Video tersebut pada akhirnya berhasil menjangkau sosok
normal yang belum terjerumus dalam hal yang sama. Pria itu adalah Bayu Aditya (Oka Antara), tinggal di Jakarta, seorang jurnalis yang sedang
bertarung menghadapi berbagai tekanan berat. Dari ambisi terkait sebuah kasus
yang melibatkan seorang politikus bernama Dharma
(Ray Sahetapy), hingga gejolak dalam pernikahannya dengan Dina (Luna Maya), perlahan Bayu mulai
bergelut dalam kondisi depresi dan kehilangan arah, namun celakanya justru
terjebak dalam sebuah pemikiran pendek untuk berupaya keluar dari tekanan:
melakukan apa yang Nomura Shuhei lakukan.
Sulit untuk menampik bahwa alasan utama mengapa Killers mendapatkan atensi yang begitu
besar dari para penikmat film adalah keberadaan duet Timo Tjahjanto dan Kimo
Stamboel (atau yang lebih dikenal dengan The Mo Brothers) di kendali utama. Dua sahabat ini dengan sangat
mudah mencuri perhatian pada debut mereka di Rumah Dara (Macabre) bahkan dengan menggunakan premis sederhana:
menjebak karakter dalam sebuah rumah, escape attempt, kemudian berpadu bersama
darah dan violence yang tampil lepas dan menyenangkan. Ya, hal terakhir tadi
yang sepertinya menjadi identik dengan The
Mo Brothers, bahkan masih terlihat di segmen Safe Haven pada V/H/S/2
ketika Timo berduet bersama Gareth Evans,
konsep yang kuat, dibangun dengan kokoh, tanpa kehilangan unsur fun.
Tiga elemen tadi masih hadir di Killers. Bergeser dari horror-slasher
menjadi psychological thriller, kita
akan mendapatkan sebuah studi karakter yang lagi-lagi bermain dengan hal
sederhana namun mampu tampil provokatif, sisi gelap dari semua manusia. Disini
terlihat jelas bahwa The Mo Brothers
sudah nyaman dengan konsep dan warna yang mereka miliki, serta mulai tampil
berani ketika bergerak lebih jauh dan lebih dalam pada elemen cerita. Jepang
dan Indonesia, ada dua arena yang dibangun Takuji
Ushiyama dan Timo Tjahjanto untuk
menjabarkan sebuah kisah self destruction, berisikan tahapan serta proses dari
ketika kehidupan mulai sulit untuk lepas dari jalinan persahabatan bersama
tekanan, hadir problem mental dan kejiwaan, hingga berakhir pada sebuah
ledakan.
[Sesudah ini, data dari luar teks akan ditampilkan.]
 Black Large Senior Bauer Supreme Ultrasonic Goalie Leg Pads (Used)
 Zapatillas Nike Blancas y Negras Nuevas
Familiar.
Ya, familiar, itu pula mengapa sangat mudah memahami
apa yang ingin disampaikan oleh The Mo
Brothers, dari tag inside us lives a Killers,
kemudian pengembangan cerita dan karakter yang sabar dan kuat di bagian awal,
kita seperti ditarik masuk kemudian di kurung bersama aksi membunuh dalam
cerita yang bergerak lambat. Tapi ada satu pertanyaan yang terus menghantui
saya sepanjang film, mengapa harus dibagi menjadi dua cerita? Hal tersebut
memang menciptakan banyak ruang eksplorasi, bahkan membuat ia tampak berani,
namun dibalik itu ada sebuah resiko besar yang dapat dihasilkan dari blunder
yang sangat kecil sekalipun, dan Killers
mengalami itu, lapisan demi lapisan yang sudah disusun dengan rapi itu pada
akhirnya tidak menyatu dengan baik.
Ketika ia masih berisikan materi-materi kecil, ini
kuat dan sangat menarik, namun ketika ia mulai di rajut menjadi sebuah kesatuan
besar, ini lemah. Pergantian tugas diantara kedua bagian tadi ikut membawa
perubahan dinamika dan daya tarik dari cerita, tensi yang stabil diawal mulai
naik dan turun dalam konteks negatif, hal yang seharusnya tidak boleh hadir
dalam proses observasi karakter seperti ini. Dampak terbagi duanya cerita juga
perlahan tampak dengan tidak digalinya banyak konflik kecil diawal yang
sesungguhnya menjadi daya tarik terbesar film ini. Hal tersebut belum
menghitung betapa sulitnya cerita ditarik menuju garis akhir oleh The Mo Brothers, seperti terjebak dalam
sebuah perputaran cerita yang berjuang mencari jalan keluar dalam gerak lambat,
berpotensi menjemukan.
Elemen utama yang sesungguhnya menjadi faktor kunci
dari film dengan tema seperti ini sebenarnya hanya satu, menjebak dan
mempermainkan emosi penonton. Itu tidak berhasil dilakukan oleh Killers, bahkan
momen tabu dari sebuah studi karakter juga harus hadir: okay, enough, just give me a conclusion. Sangat disayangkan ketika
sebuah minus minor pada kontrol di paruh kedua membuyarkan potensi besar yang
telah ia bangun, karena dibalik alur cerita mondar-mandir dalam gerak lambat
Kilers sesungguhnya telah berhasil menjebak atensi serta membangun rasa
penasaran penonton, bahkan cukup sulit untuk mengalihkan pandangan dari scene
yang beberapa diantaranya mampu tampil mengasyikkan dengan cinematography yang
mengesankan, terlebih ketika mereka disokong
oleh score yang sukses membangun aura gelap cerita.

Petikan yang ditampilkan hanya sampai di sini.